I couldn't detect the voltage levels used on the serial interface coming out of the meter. When I took apart the connector shell on the cable shipped with the meter to see what the heck was going on, I wasn't sure if I should be impressed or horrified:

there are only two wires going to the meter. A 1k SMD resistor is soldered between the RX and TX lines as a pull-down for RX (the meter is transmit-only so TX is always asserted with a negative voltage by the host), and the DTR line (assumed held high by the host) is switched to RX by the meter to raise the signal line. Note that there is no connection to ground! This image is from the inside of the supplied cable, but you don't need to disassemble it or modify it in any way to use my adapter - just marvel at its brilliance (or stupidity).

A little tinkering, and I came up with an interface to the arduino that produced nice looking signal levels:

This circuit gives a good voltage swing with both copies of the meter that I have to test with. The low voltage is marginal for TTL levels, but well within the Vil spec for the ATmega328:

That's it for the connections - a resistor and three wires to the +5V, GND and D10 pins on the nano.

Case

I designed a clunky-but-functional case for the adapter in OpenSCAD. Since I already had working C++ code to interface with the meter, the case design was by far the longest part of this project. I really wish 3D printers were faster; I iterated too many times on this design :-)

Here's what it looks like in OpenSCAD:

and here's the whole thing assembled into the bottom of the case:

The embedded 4-40 nuts are a little tight, but they help hold the connector in the housing. With a little force, it will all fit. The screw holes are intentionally undersized - I cleared them out with a 1/8" drill bit (you might use a 3.5mm).

Measure your nano before you print the case - I'm not sure they're all the same size, and you want a relatively close fit to keep the board from sliding around.

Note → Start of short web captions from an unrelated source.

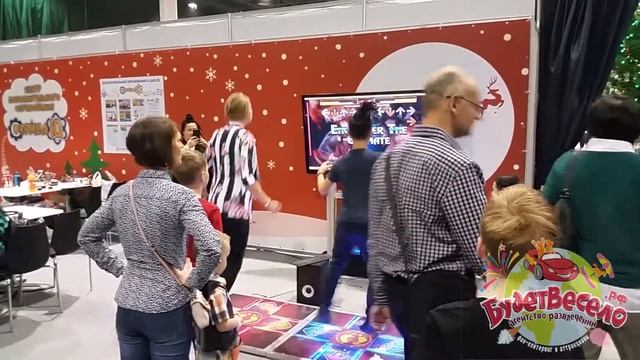 Музыкально-танцевальный аттракцион DanceMania смотреть онлайн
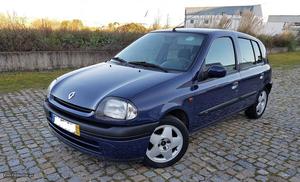 Renault Clio 1.2 / 5 PORTAS / JE Março/00 - à venda -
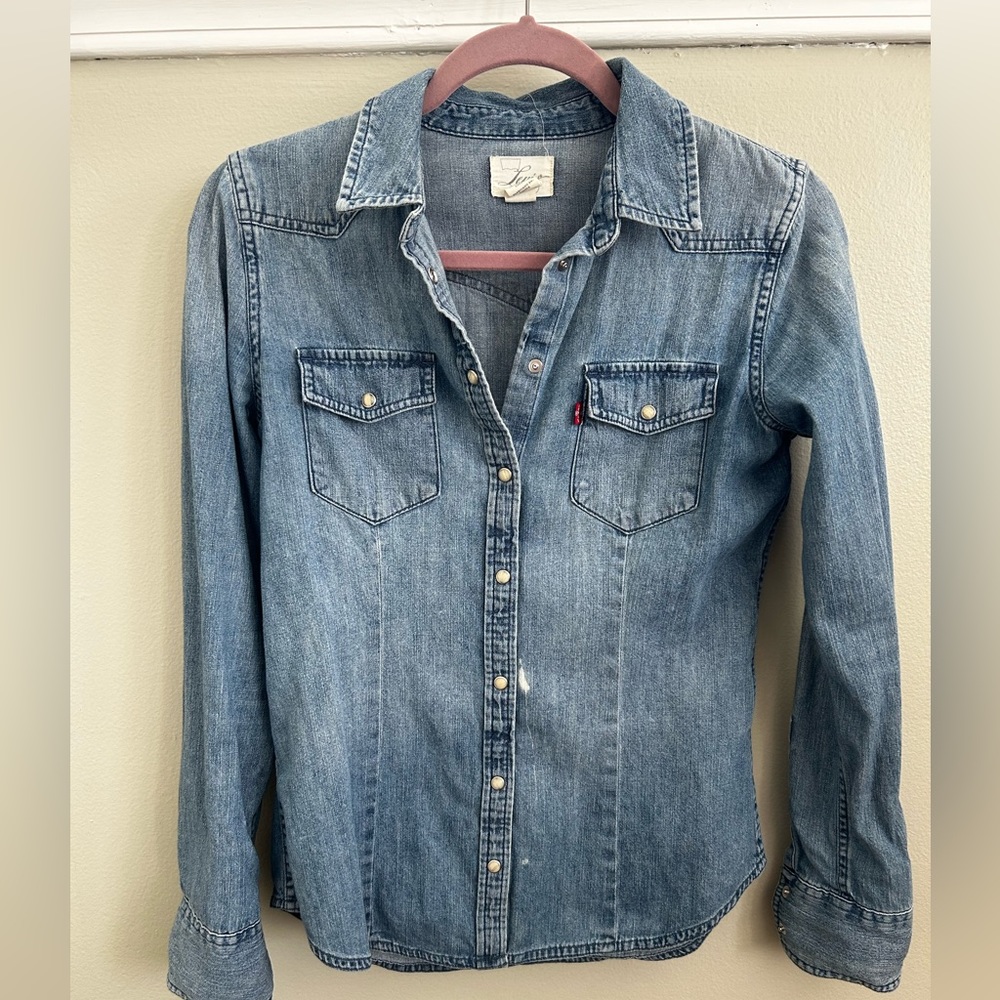 Levi’s Snap Front Shirt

Unfortunately, the screws supplied with the DMM serial cable are too short to reach the embedded nuts. If you want to secure the cable to the adapter, you'll need to replace the screws in the DMMs connector shell with longer 4-40 (or M3) versions. I've decided to skip it for now, and just won't pull on the cables.

Software

I had C++ code already written to decode the crazy 14-byte protocol, so porting it to the arduino was easy. It's about 300 SLOCs, so I won't post it here - you can check it out in the repo. The code continuously receives and decodes the packets from the meter, and scans for commands from the host. Commands consist of a single byte each. I've defined three commands so far:

1. 'b' : report battery-low status
2. 'u' : report reading with units
3. 'n' : report reading only

The responses to these commands are ASCII-formatted strings. Importantly, the adapter will only return a value that was collected after the command was received. Here's an example python program to test each command:

#!/usr/bin/env python

import serial
import time

dmm_port = '/dev/ttyUSB2'

dmm = serial.Serial(port = dmm_port, timeout = 1)

# wait for arduino to reset upon connection
time.sleep(2)

# get battery status
dmm.write('b')
result = dmm.readline()
print 'Battery low = ', result

# read numeric value only
dmm.write('n')
result = dmm.readline()
print result

# read numeric value and units
dmm.write('u')
result = dmm.readline()
print result

a typical output might be:

tyapo@silicon software $ ./read_dmm.py 
Battery low =  0

-2.446e-01

-2.446e-01 Volt

I formatted the data in exponential notation with four significant places, which suits the 4,000-count ADC and range of the meter. You could easily modify the arduino code to change this format or add more commands as required.

Next Up

I think it's done. Let me know if you build one of these, or have any suggestions for improvement. Now I just have to print another case for my second meter.